BOT: the Building Topology Ontology of the W3C Linked Building Data Group

Tracking #: 2279-3492

Authors: 
Mads Holten Rasmussen
Maxime Lefrançois
Georg Ferdinand Schneider
Pieter Pauwels

Responsible editor: 
Krzysztof Janowicz

Submission type: 
Ontology Description
Abstract: 
Actors in the Architecture, Engineering, Construction, Owner and Operation (AECOO) industry traditionally exchange building models as files. The Building Information Modelling (BIM) methodology advocates the seamless exchange of all information between related stakeholders using digital technologies. The ultimate evolution of the methodology, BIM Maturity Level 3, envisions interoperable, distributed, web-based, interdisciplinary information exchange among stakeholders across the life-cycle of buildings.
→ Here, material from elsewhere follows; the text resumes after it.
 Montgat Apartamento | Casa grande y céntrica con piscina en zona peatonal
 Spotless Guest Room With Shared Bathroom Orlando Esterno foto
The World Wide Web Consortium Linked Building Data Community Group (W3C LBD-CG) hypothesises that the Linked Data models and best practices can be leveraged to achieve this vision in modern web-based applications. In this paper, we introduce the Building Topology Ontology (BOT) as a core vocabulary to this approach. It provides a high-level description of the topology of buildings including storeys and spaces, the building elements they contain, and their web-friendly 3D models. We describe how existing applications produce and consume datasets combining BOT with other ontologies that describe product catalogues, sensor observations, or Internet of Things (IoT) devices effectively implementing BIM Maturity Level 3. We evaluate our approach by exporting and querying three real-life large building models.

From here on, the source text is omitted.